After stepping down as CEO of TD Ameritrade, Moglia decided to go back to football as a Division I head coach. In 2012, Moglia was named head football coach at Coastal Carolina University. In his last 11 years as a college football coach, Joe was part of eight championship teams and received the Eddie Robinson National Coach of the Year Award and the Lombardi Award. He was also inducted into 10 Halls of Fame, including the Vince Lombardi Hall of Fame, named for the 1937 Fordham alumnus. Moglia now serves as chair of athletics and is an advisor to Coastal Carolina University President Michael T. Benson.
Moglia Stadium is part of a complex at the Bronx campus that includes Jack Coffey Field—the playing field for football and soccer—as well as Houlihan Park, the University’s baseball venue. The renovations will be a “game changer” because of the importance of the stadium as “a central theater of school spirit and school pride—internally on campus, externally in New York City and the tri-state area, and also for our alumni base,” said Fordham’s director of athletics, Ed Kull. The benefits of the stadium upgrades will extend not only to football and other sports but also to Fordham Prep, which uses University facilities as part of athletics collaborations, Kull said.
The stadium improvements also include new connections with a video control room in the Lombardi Center that, when completed, will be used to livestream all home athletics events and provide a training ground for WFUV student announcers and other students interested in broadcasting.
A new digital scoreboard and VIP viewing box are planned, along with other seating improvements.
The project will build on other recent enhancements like new offices for the football program, also supported by University benefactors. The stadium upgrades will help Fordham achieve parity with the stadiums at competitor schools and boost recruitment, “the lifeblood of the program,” aiding the program in its goal of once again reaching the NCAA Football Championship Subdivision (FCS) playoffs every year, said Joe Conlin, head football coach.

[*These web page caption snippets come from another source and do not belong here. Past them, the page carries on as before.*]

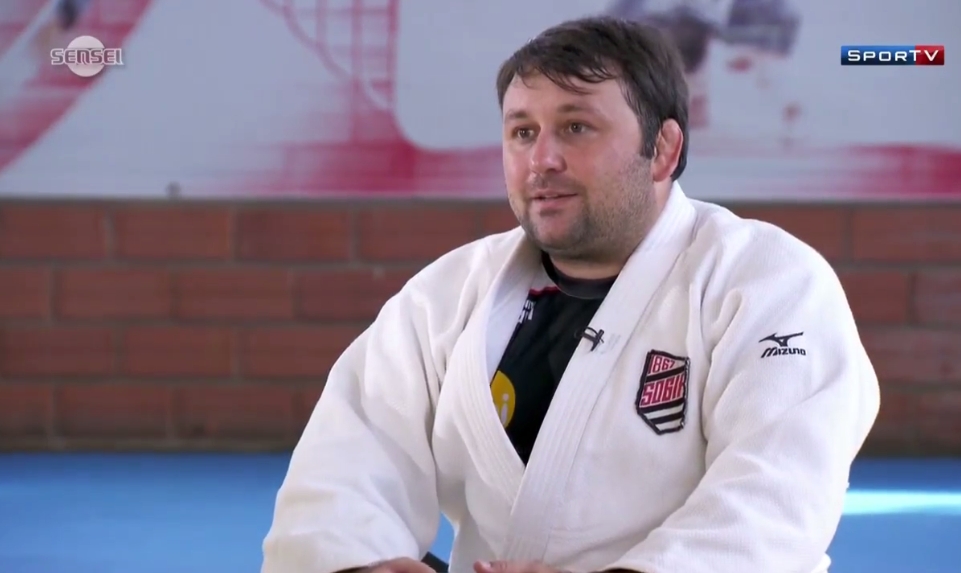 Joao Derly : le double champion du monde qui a refusé d'abandonner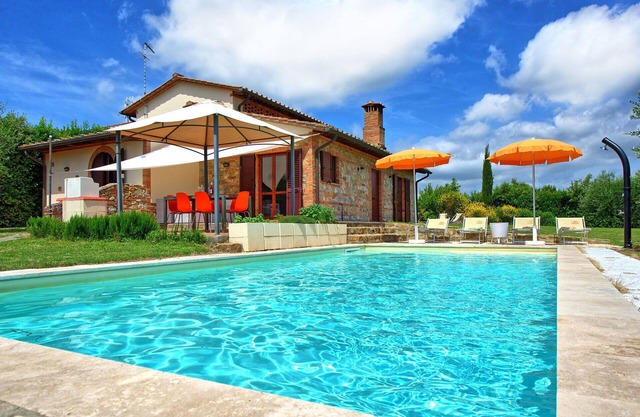 Villa Renina – Vacation villa with private pool in Gambassi Terme, Tuscany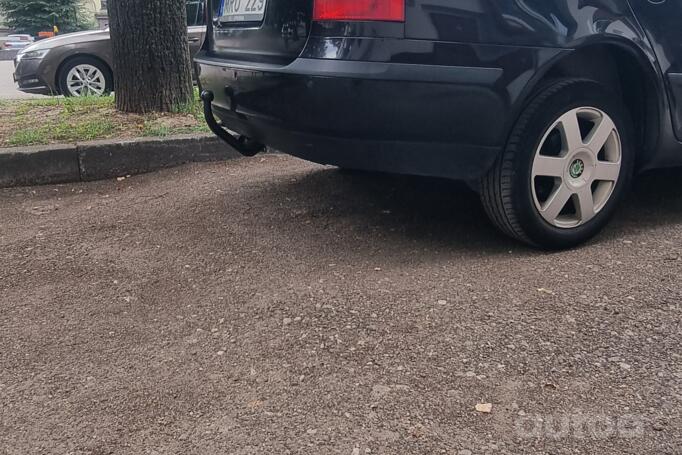 Skoda Octavia 2 generation Combi wagon 5-doors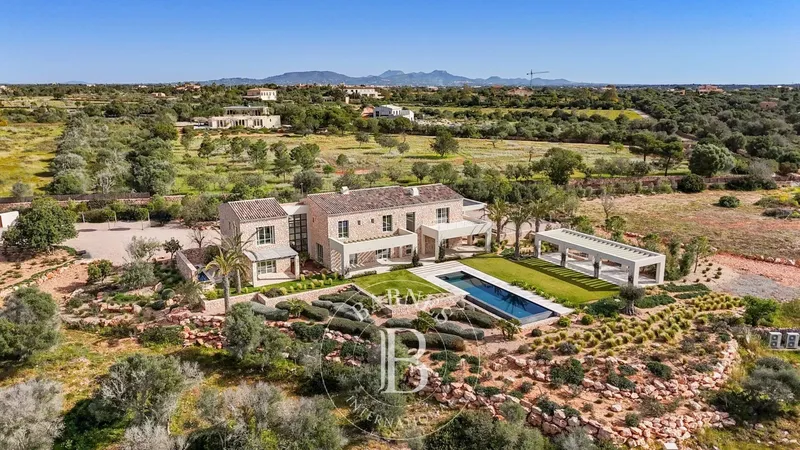 High-End Contemporary Finca with Sea Views in Santanyí — photo 2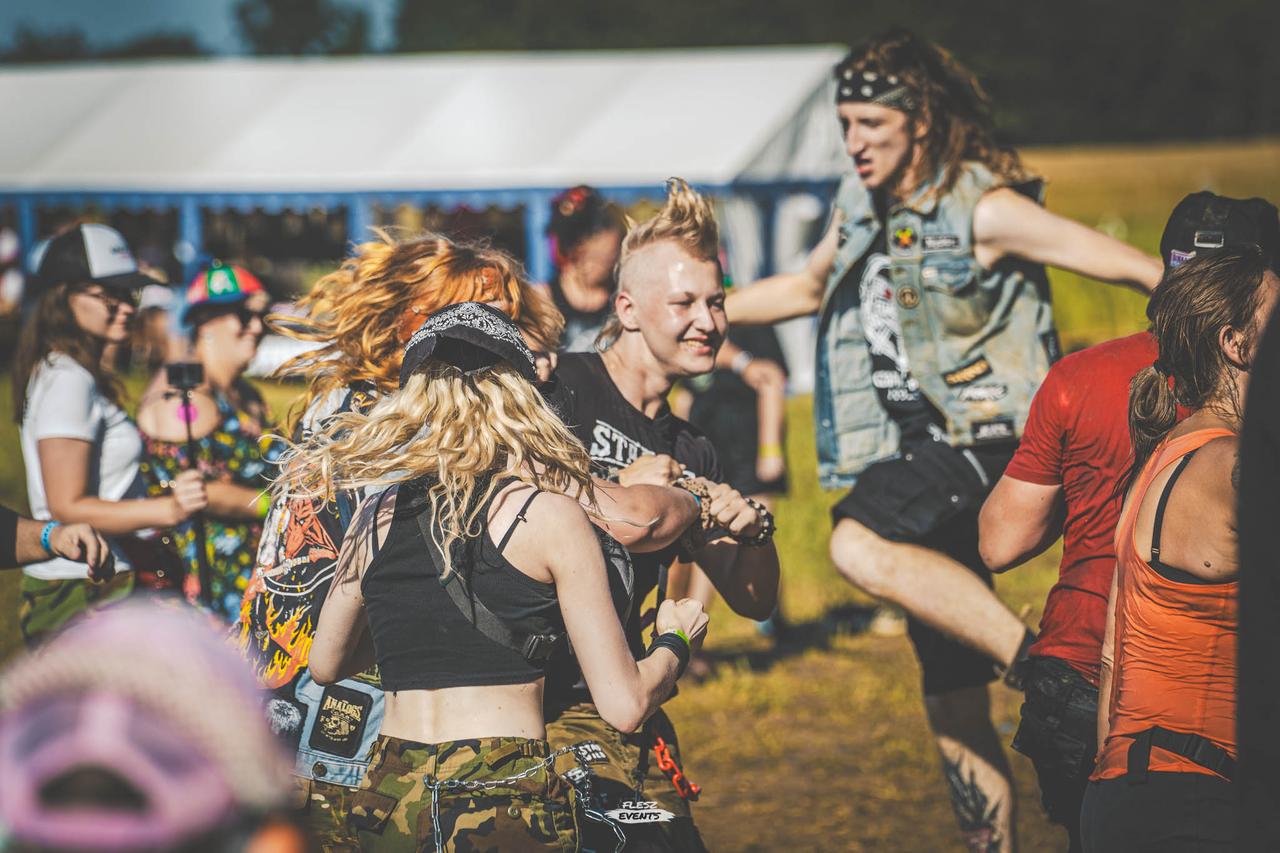 Publika na Zakręć Śmigłem Fest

Kull said the football program tries—successfully—to recruit student-athletes who can be academic achievers at Fordham. Conlin also noted the team’s many community service efforts, such as visiting children in elementary and middle schools and working with Team IMPACT, a nonprofit that supports children living with serious illness or disability.
The revamped stadium will reflect “the class of institution that Fordham is,” Conlin said. “We should have a great game-day experience. We should have a great stadium. It’s a fantastic school and we have a fantastic fan base, and we have the best tailgate in FCS football, so the stadium should match that.”